I think it needs to be considered that if caricaturing, criticizing, or generalizing Muslims risks legitamizing resentment, hatred, or violence towards innocent people, the Charlie Hebdo massacre makes a pretty good case that it's also possible for criticism of, say, cartoonists to run the risk of legitimizing violence against people with a podium who say things you don't like. After all, someone has to stand up for the "little guy" against those big bullies, right?
...And we're all oh so ready to define the "little guy" as us. We're the outsiders. We're the mavericks. We're the rebels. We're the bullied. What actions could we take against such an entrenched, evil force that would not be justified, given what is arrayed against us?
Amidst all the noise of modern life, it's so damned easy to feel that one has no voice at all, furthering the suggestion that they're justified doing something hideous because, dammit, no one will listen otherwise. That's part of the reason genuinely free speech is important, beyond narrow blinkered ideas that only government can block free speech. It's a bulwark against the idea that only entrenched interests can get heard. Even if some of those things that get heard are offensive or stupid.
There are some ideas, and some ideals, that are important to uphold. It is important to believe that adults, given access to others' ideas and information, can pick the good ones from the bad ones, find information beyond what supports what they already wish to believe, what is comfortable to believe.
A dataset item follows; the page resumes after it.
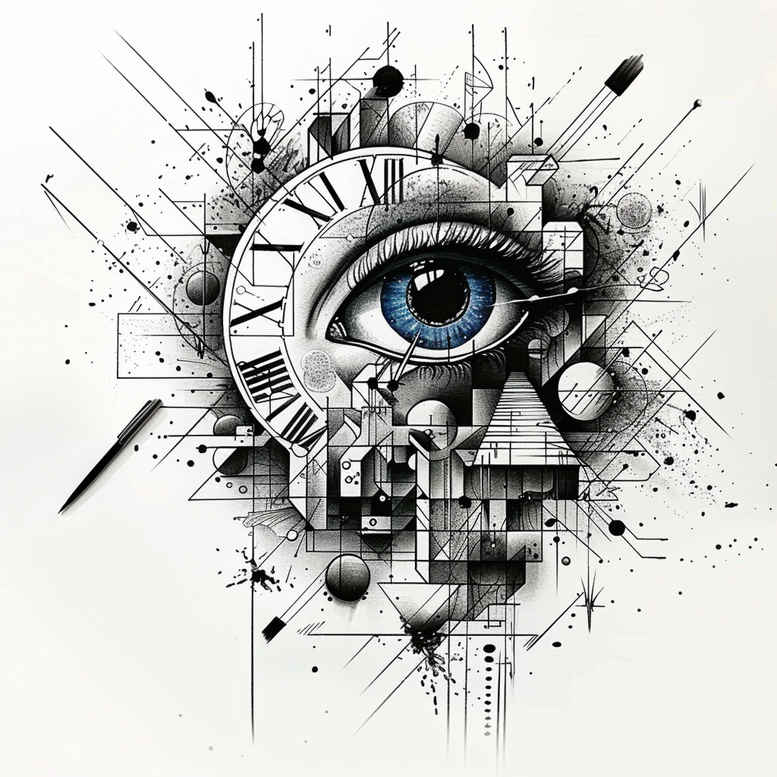 artistic-eye – tattoo design ideas free ai generated – realism-photographic-quality – for-toe – Gallery: eyes-inkby-ai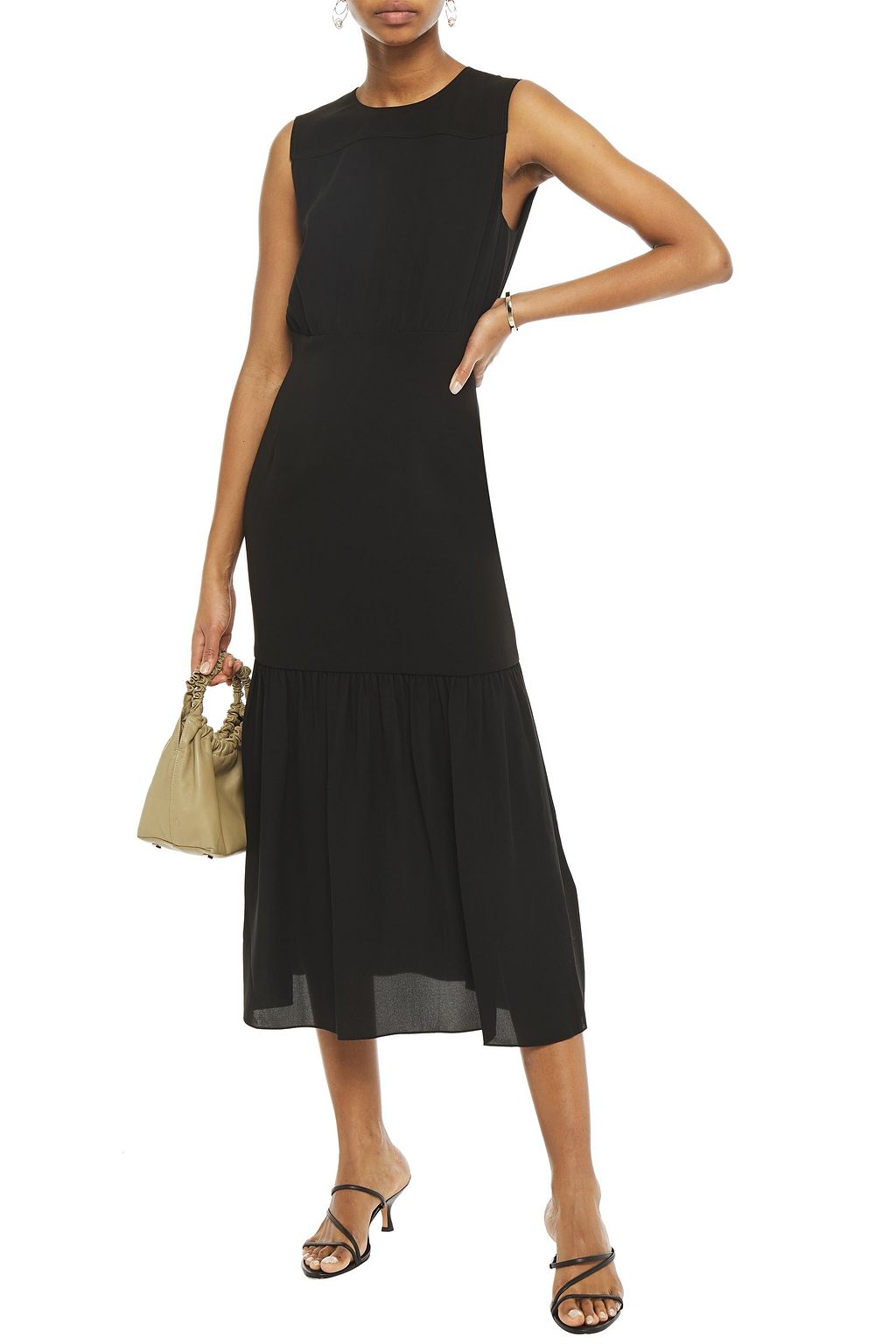 theory black silk dress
That they will take the trouble and do the work in order to do what is right.
Every day, we see plenty of examples that fly in the face of that ideal. Yet it is still important to believe in it, even if the world we see around us often doesn't seem to live up to that ideal. That democracy, if imperfect, still works enough that we don't just give in and let a plutocracy or a theocracy or some other form of oligarchy rule our lives.